LLMs, Knowledge Graphs, and the Fine-Tuning Landscape

The Incompatibility of Language Models and Knowledge Graphs

Large language models and knowledge graphs solve fundamentally different problems with fundamentally different architectures. LLMs encode probabilistic relationships between tokens learned from billions of text sequences. Knowledge graphs encode explicit, structured relationships between entities stored as directed graphs with typed edges. They are, in a deep sense, incompatible.

This incompatibility is not a practical engineering problem to be solved with a clever adapter. It is a structural mismatch. An LLM's knowledge is distributed across parameters in a dense, compressed format. A knowledge graph's knowledge is localized in nodes and edges in a sparse, explicit format. Bridging them in either direction requires translating between dense distributed representations and sparse discrete structures.

The question then becomes: can we make them work together anyway?

Neo4j Queries as a RAG Alternative

The most direct approach is to have the LLM generate knowledge graph queries instead of retrieving text documents. Rather than embedding a query into a vector store and finding similar text chunks (standard RAG), the model generates a Neo4j Cypher query that traverses the graph structure, retrieves entities and their relationships, and returns structured results.

The appeal is straightforward. Knowledge graphs excel at multi-hop reasoning across entities — exactly the kind of structured relational reasoning that LLMs often fail at. If the model can generate Cypher queries, it gains access to precise, deterministic relationship traversal without the hallucination risk of relying solely on parametric memory.

The challenge is query generation quality. Generating correct Cypher requires understanding the graph schema, the types of nodes and edges, and the semantics of the traversal. For small, well-defined graphs, this is tractable. For large, heterogeneous graphs, it is difficult. But the approach is worth pursuing because it sidesteps the harder problem of graph embedding altogether.

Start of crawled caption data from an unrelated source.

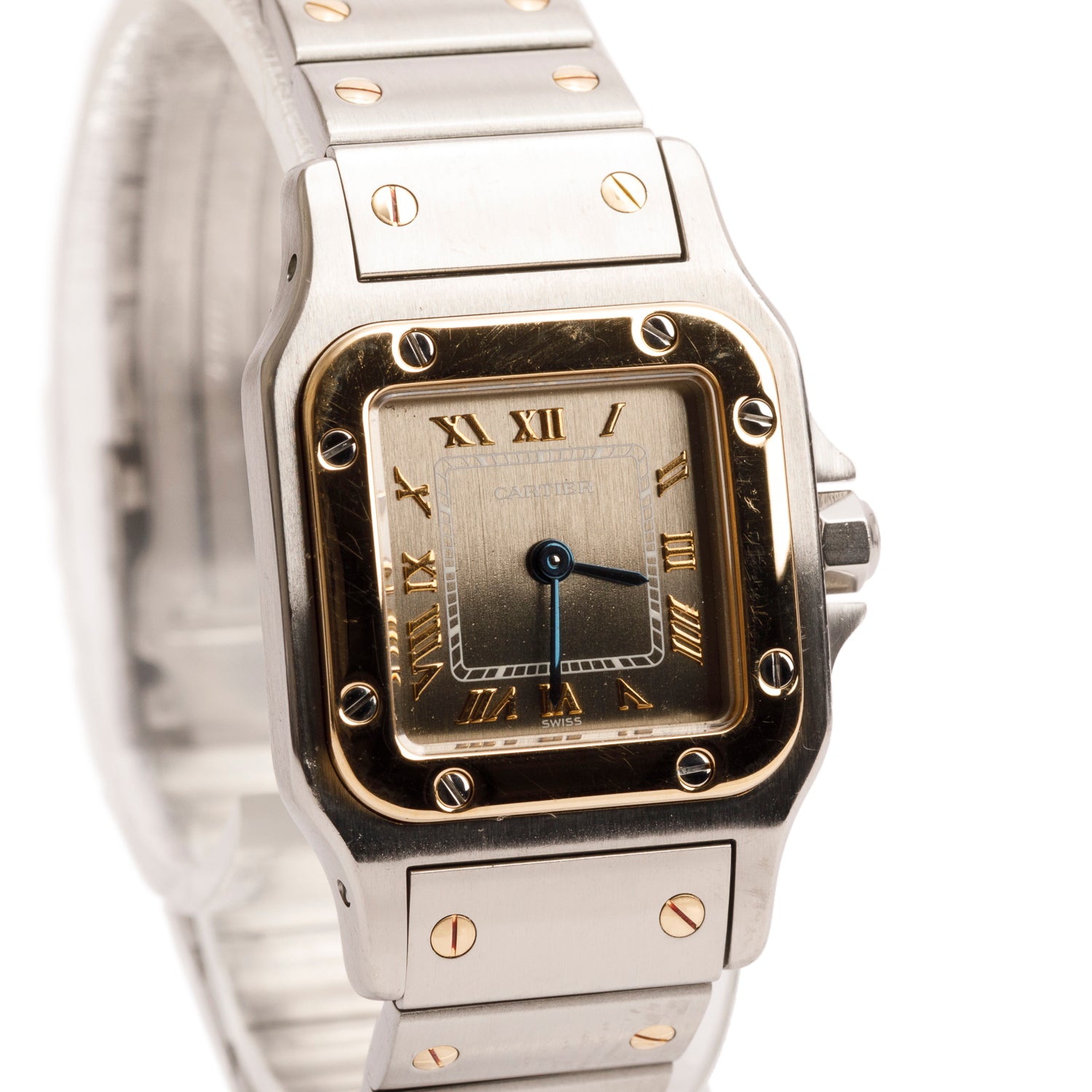 Cartier Stainless Steel & 18k Yellow Gold Santos De Cartier Galbee Quartz Watch, Small Model 1567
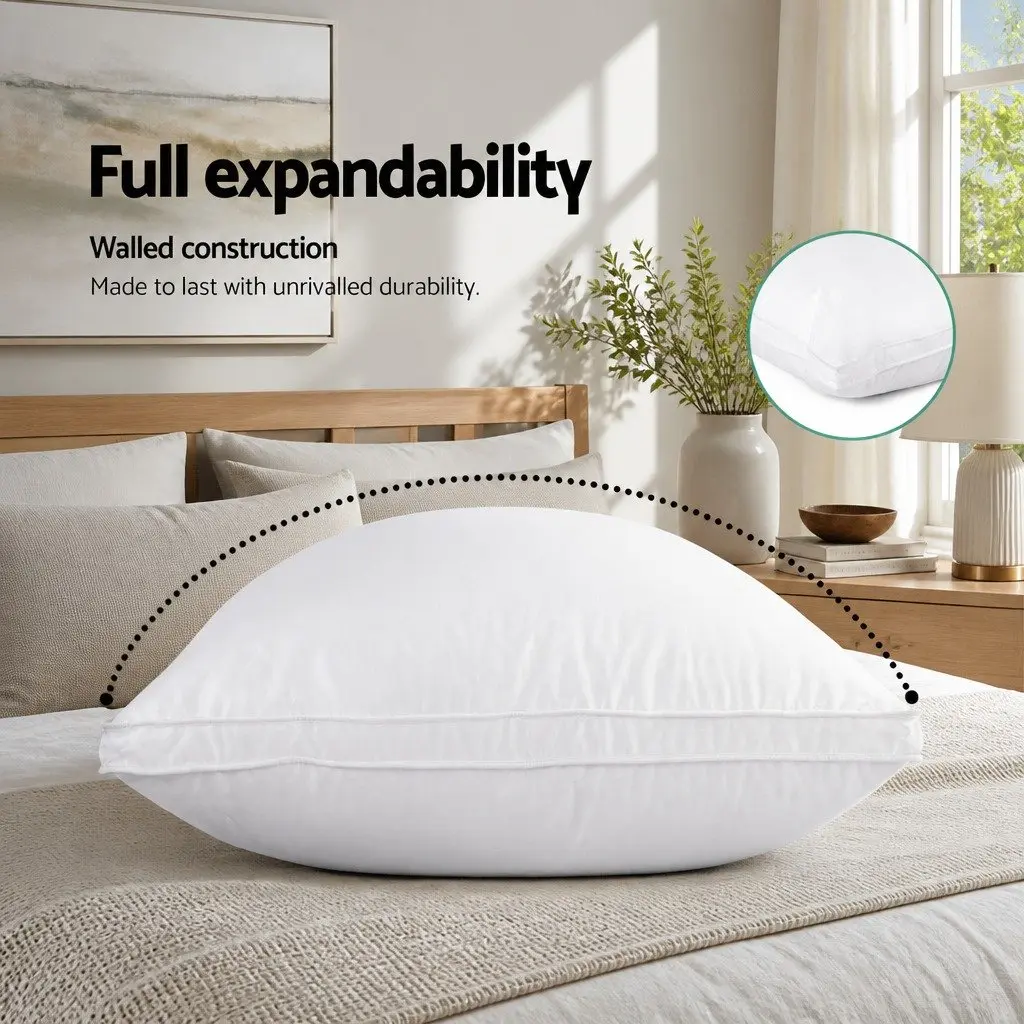 Goose Feather Down Pillow Head Neck Support Standard Size White Twin Pack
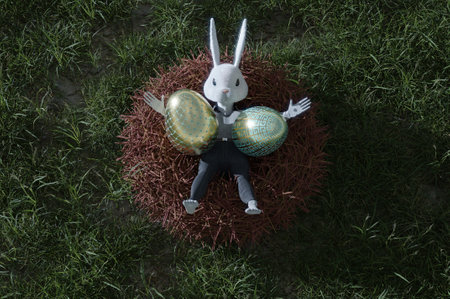 3D Illustration , Happy Easter greeting template or copy space. Cute cartoon rabbit on nest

Why Graph Embedding Is Not Practical at Industry Scale

Graph embedding — mapping nodes and edges into a continuous vector space for retrieval — is a well-studied research topic. In practice, it rarely works at scale. The reasons are computational and architectural:

Graph embeddings require training on the graph structure itself, which means retraining whenever the graph changes.
The embedding space is specific to the graph topology. Different graphs produce incompatible embeddings.
Combining graph embeddings with text embeddings for unified retrieval requires either joint training (expensive) or cross-modal alignment (fragile).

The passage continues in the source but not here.